▸ **YOUR OBJECTIVE**
Leaving the images aside, transcribe all the data below exactly.
Segment Start: AVAILABLE DATA
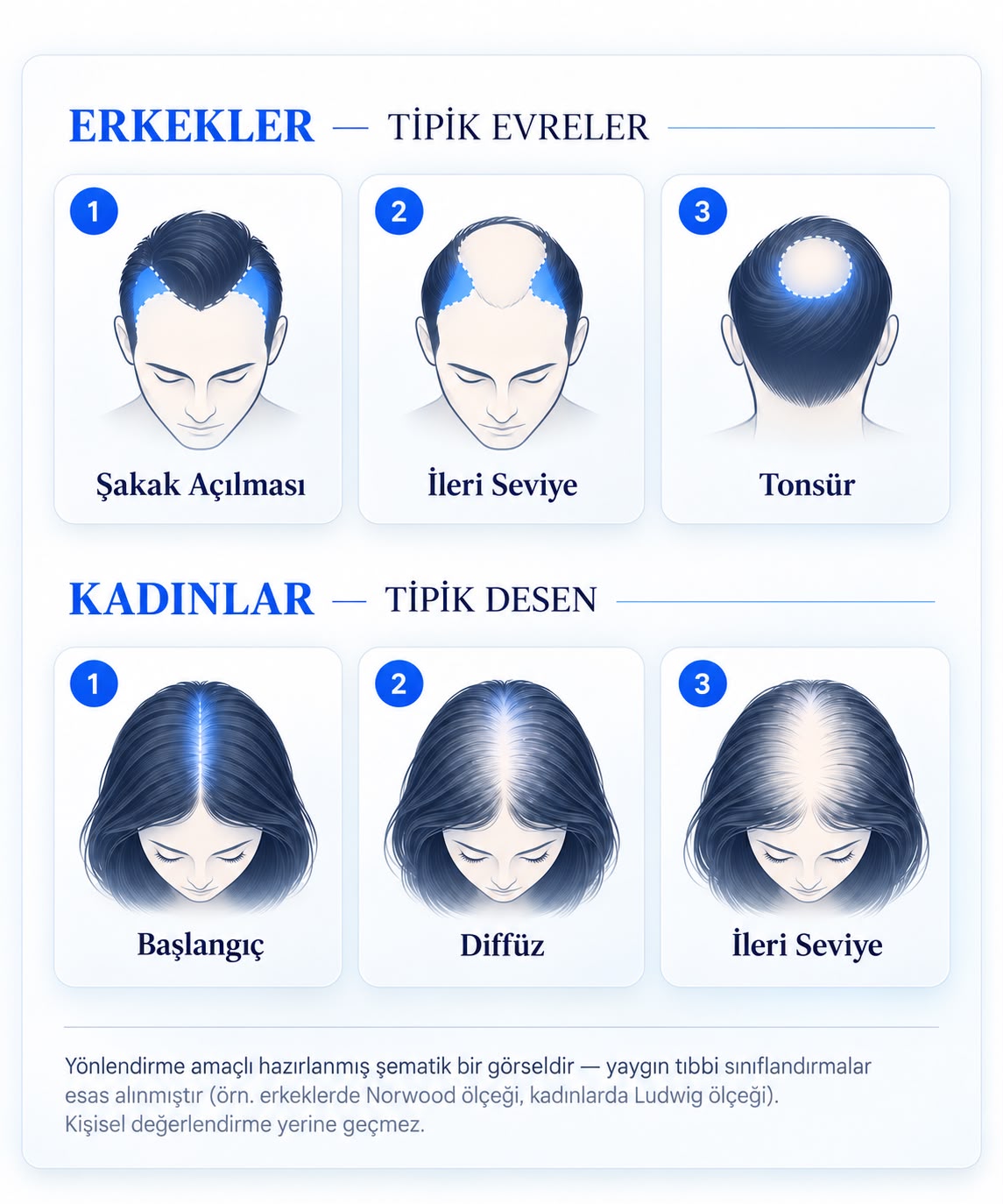 Erkeklerde ve kadınlarda saç dökülmesinin tipik evreleri — referans grafiği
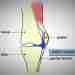 Боль в переднем отделе колена является сложной проблемой для диагностики с множественной этиологией. Системный…
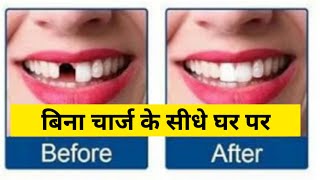 False Teeth How to Use  False Teeth  Moldable Teeth 😬 [upl. by Atirys]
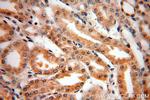CIB4 Antibody in Immunohistochemistry (Paraffin) (IHC (P))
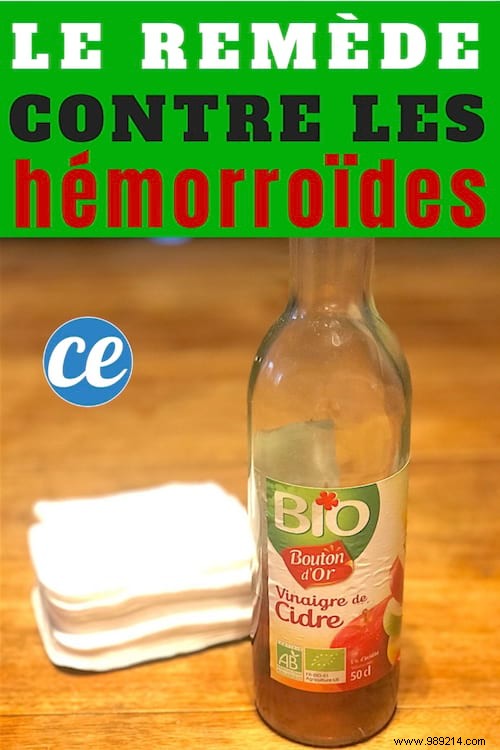 Natural Hemorrhoid Relief: Apple Cider Vinegar – A Trusted Grandma s Remedy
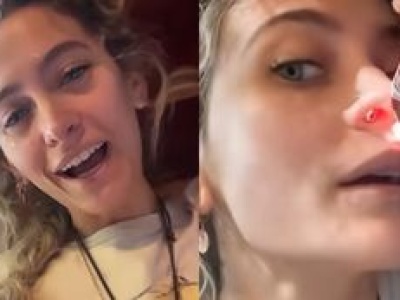 Córka Michaela Jacksona ma DZIURĘ W NOSIE przez narkotyki: 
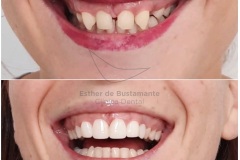 47-caso-clinica-dental-esther-de-bustamante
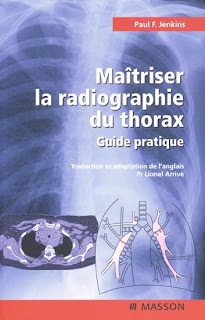 Maîtriser la radiographie du thorax : Guide pratique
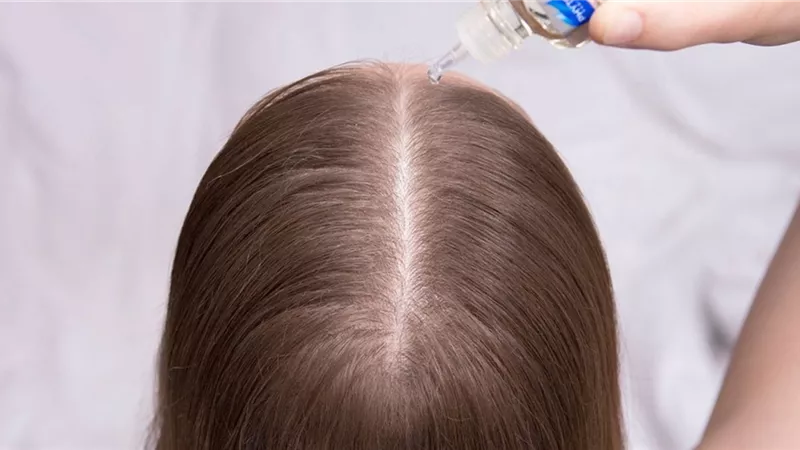 طرق تنظيف فروة الرأس من أجل شعر صحي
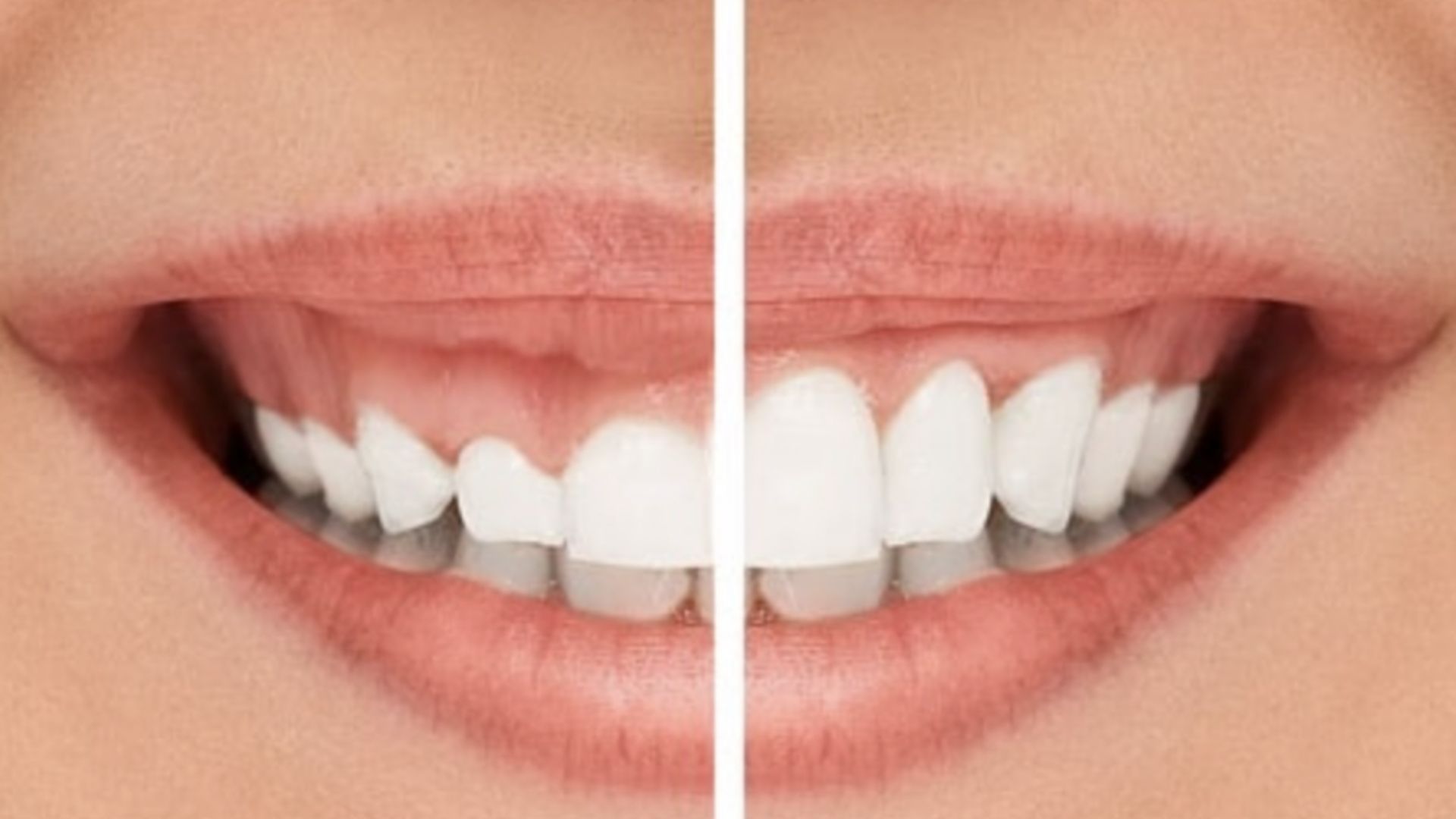 Cosmetic Gum Surgery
Segment End: AVAILABLE DATA
▸ **FINISHED TASK**
 Erkeklerde ve kadınlarda saç dökülmesinin tipik evreleri — referans grafiği
 Боль в переднем отделе колена является сложной проблемой для диагностики с множественной этиологией. Системный…
 False Teeth How to Use  False Teeth  Moldable Teeth 😬 [upl. by Atirys]
CIB4 Antibody in Immunohistochemistry (Paraffin) (IHC (P))
 Natural Hemorrhoid Relief: Apple Cider Vinegar – A Trusted Grandma s Remedy
 Córka Michaela Jacksona ma DZIURĘ W NOSIE przez narkotyki: 
 47-caso-clinica-dental-esther-de-bustamante
 Maîtriser la radiographie du thorax : Guide pratique
 طرق تنظيف فروة الرأس من أجل شعر صحي
 Cosmetic Gum Surgery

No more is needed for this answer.